Milton Avery, Fritz Bultman, Oliver Chaffee, Carole Ann Danner, Nanno de Groot, Joseph De Martini, Miguel Deveze, Edwin Dickinson, Joseph Garlock, Ada Gilmore, V. Hansen, Hans Hofmann, Jones 1879, Karl Knaths, Betty Lane, Blanche Lazzell, Myron Lechay, Lucy L’Engle, Clare Leighton, Charles Logasa, Philip Malicoat, Leo Manso, Irving Marantz, Mudheads, Mary Mullineux, Ray Nolin, Heinrich Pfeiffer, Flora Schoenfeld, Ferol Sibley Warthen, Agnes Weinrich, Sol Wilson, Marguerite Zorach, William Zorach
Elisabeth Ivers Gallery is pleased to announce the exhibition Provincetown: Selections from the Julie Heller Gallery, featuring painting, sculpture, and works on paper from this important and unique gallery, with a particular focus on early Provincetown painters such as Edwin Dickinson, Karl Knaths, and Marguerite Zorach. It will also have works by anonymous artists, objects from the gallery as well as the work of two contemporary painters Carole Ann Danner and Ray Nolin.

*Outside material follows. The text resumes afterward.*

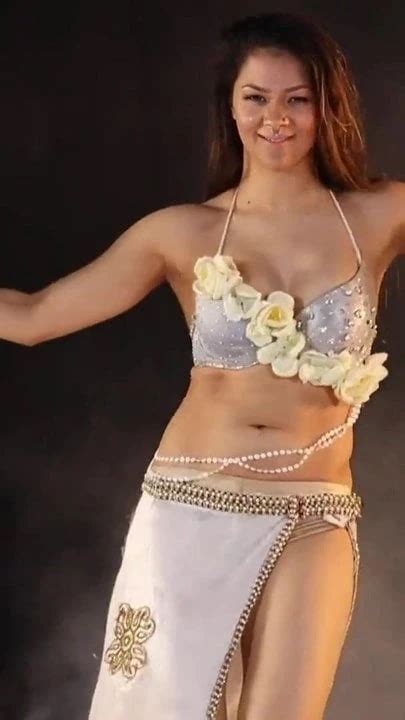 Sexy Hot Dance Nipples Nipples Porn Feat Ariella Ferrera XHamster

Provincetown has been an important American art colony since the late 19th century, having inspired works that capture this remote and picturesque seaside town at the tip of Cape Cod while also channeling many of the last century’s modern trends, upheavals and international art movements. The town began to attract artists after 1873, when the Old Colony Railroad made it easily accessible. The artistic atmosphere gained intensity with the influx of noted artists and teachers including Charles Hawthorne, who in 1899 founded the town’s first art school. Decades later Hans Hofmann started teaching over the summer months and made an equally significant contribution to the cultural legacy of this Massachusetts landmark.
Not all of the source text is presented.